The Max-Min Hill-Climbing (MMHC) algorithm is a prominent example. It uses the MMPC algorithm to identify candidate parent-child relationships, then applies hill-climbing search to find the best-scoring DAG within that restricted space. This achieves a balance between computational efficiency and robustness.

Parameter estimation

Once you have the DAG, you need to estimate the parameters of the structural equations. The two main approaches:

  • Maximum likelihood estimation (MLE): find parameter values that maximize the probability of observing the data, given the DAG structure
  • Bayesian methods: specify prior distributions over parameters and update them with the data to get posterior distributions

Both approaches require assumptions about the functional form of the structural equations (e.g., linear vs. nonlinear) and the distribution of error terms (e.g., Gaussian vs. non-Gaussian). Getting these assumptions wrong can lead to poor estimates.

Applications of SCMs

SCMs are used across many fields, including epidemiology, economics, social sciences, and AI. They provide a principled framework for several practical tasks.

Causal effect estimation

SCMs let you estimate causal effects from observational data by leveraging the assumed causal structure. For example, using electronic health records, you could estimate the causal effect of a medication on patient outcomes by identifying the right adjustment set from the DAG and applying the back-door adjustment formula.

Policy evaluation

By simulating interventions on an SCM, you can predict the effects of policies before implementing them. For instance, you could model the causal relationships between taxation, income inequality, and economic growth, then simulate different tax policies to compare their predicted outcomes.

Transportability

Transportability addresses whether causal effects estimated in one population generalize to another. SCMs provide formal tools for assessing this. For example, if a clinical trial estimates a drug's effect in one demographic group, transportability analysis can determine under what conditions that estimate applies to a different population with different demographics and comorbidities.

Causal discovery

SCMs also serve as the target for causal discovery: inferring the causal structure itself from observational data. This is valuable for generating hypotheses. For example, applying causal discovery algorithms to cohort study data might reveal previously unknown causal factors for a disease, guiding future experimental research.
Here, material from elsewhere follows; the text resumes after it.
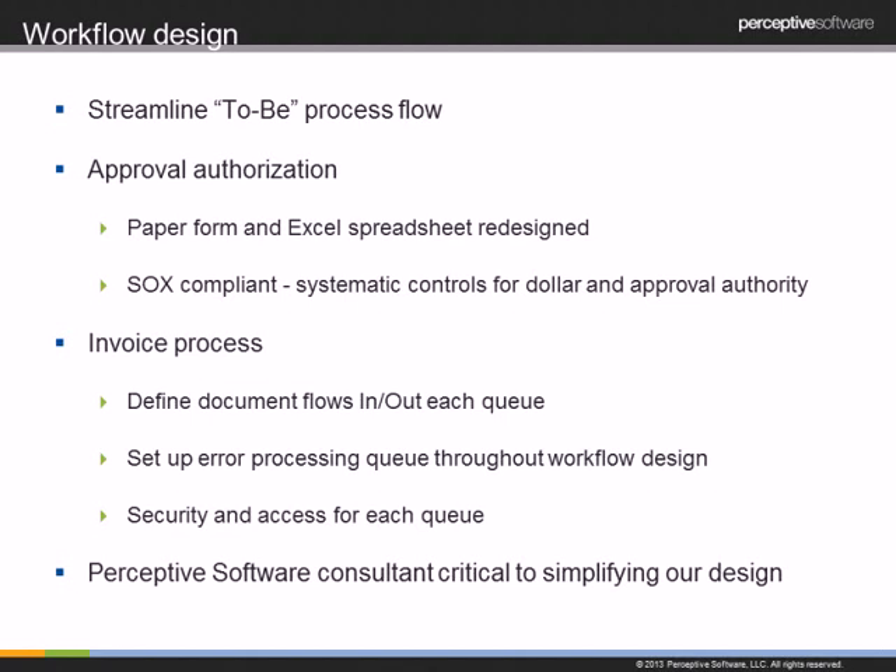Our Perceptive Software consultant was very critical to our solution design. They helped us simplify things even further than we had envisioned, drawing on their experience from other implementations. They were always helpful in finding ways to automate controls so we didn't need manual ones. With them on-site during implementation, we were able to make quick changes when something wasn't working as expected — even small things like brightening grayed-out form fields to make processing faster.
Limitations and extensions of SCMs

SCMs are powerful but come with assumptions that don't always hold. Understanding these limitations helps you apply SCMs responsibly.

Latent confounding

Standard SCMs assume causal sufficiency (all common causes are measured). In practice, unmeasured confounders are common and can bias causal effect estimates. For example, in studying smoking and lung cancer, unmeasured genetic factors might influence both.
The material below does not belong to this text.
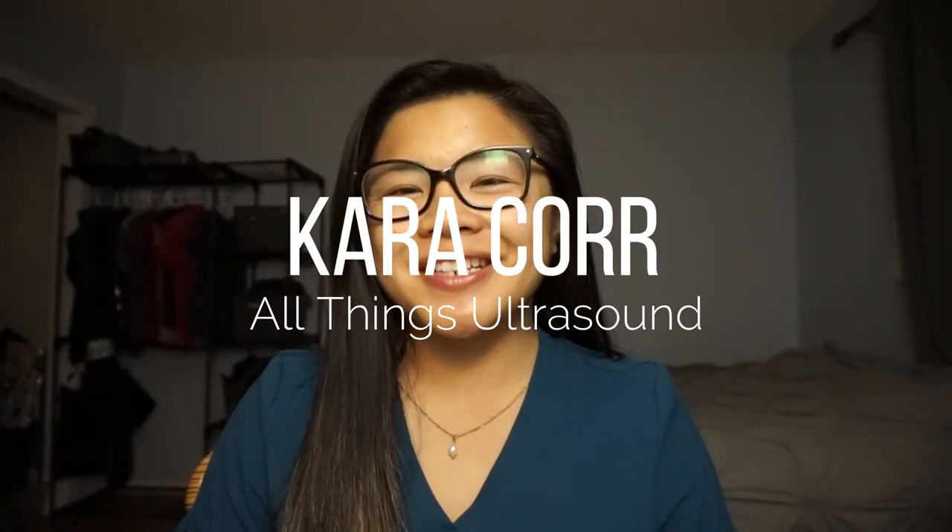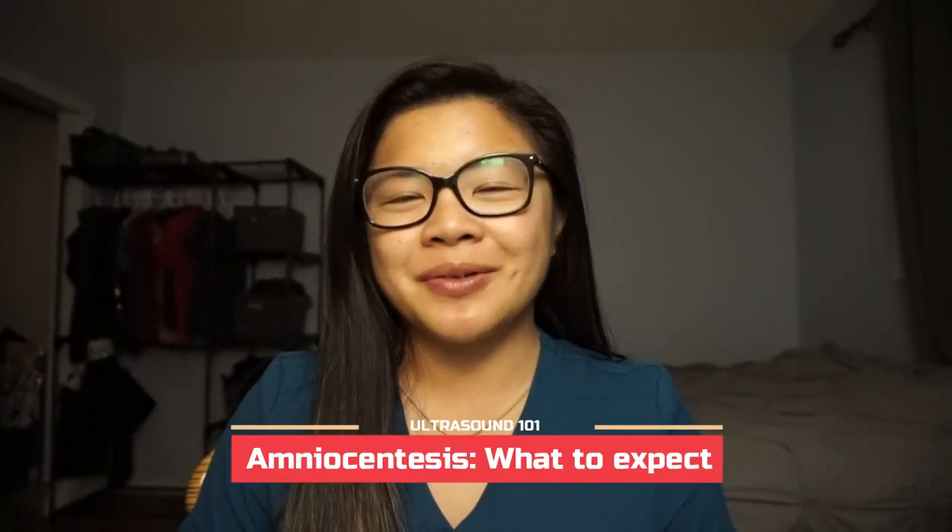Hey, my name is Kara. I'm an ultrasound tech, and let's talk today about an amniocentesis, as well as my own personal experience with having an amniocentesis with our second pregnancy.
Extensions to handle this include:

  • Latent variable models that explicitly represent unmeasured confounders
  • Sensitivity analysis that quantifies how robust your conclusions are to potential unmeasured confounding
  • Bounds on causal effects when point identification isn't possible

Cyclic causal models

Standard SCMs require acyclicity, but many real-world systems involve feedback loops. Job satisfaction affects job performance, which in turn affects satisfaction. Cyclic causal models extend the SCM framework to handle such cases, though they require different assumptions and estimation techniques (e.g., equilibrium conditions or dynamic models).

Time-varying treatments

Standard SCMs typically model treatments as fixed at a single point in time. Many real-world treatments change over time (e.g., medication dosages adjusted based on patient response). Extensions like marginal structural models and structural nested models handle time-varying treatments by modeling the causal effects of treatment sequences rather than single treatment assignments. These methods use techniques like inverse probability weighting to account for time-varying confounding.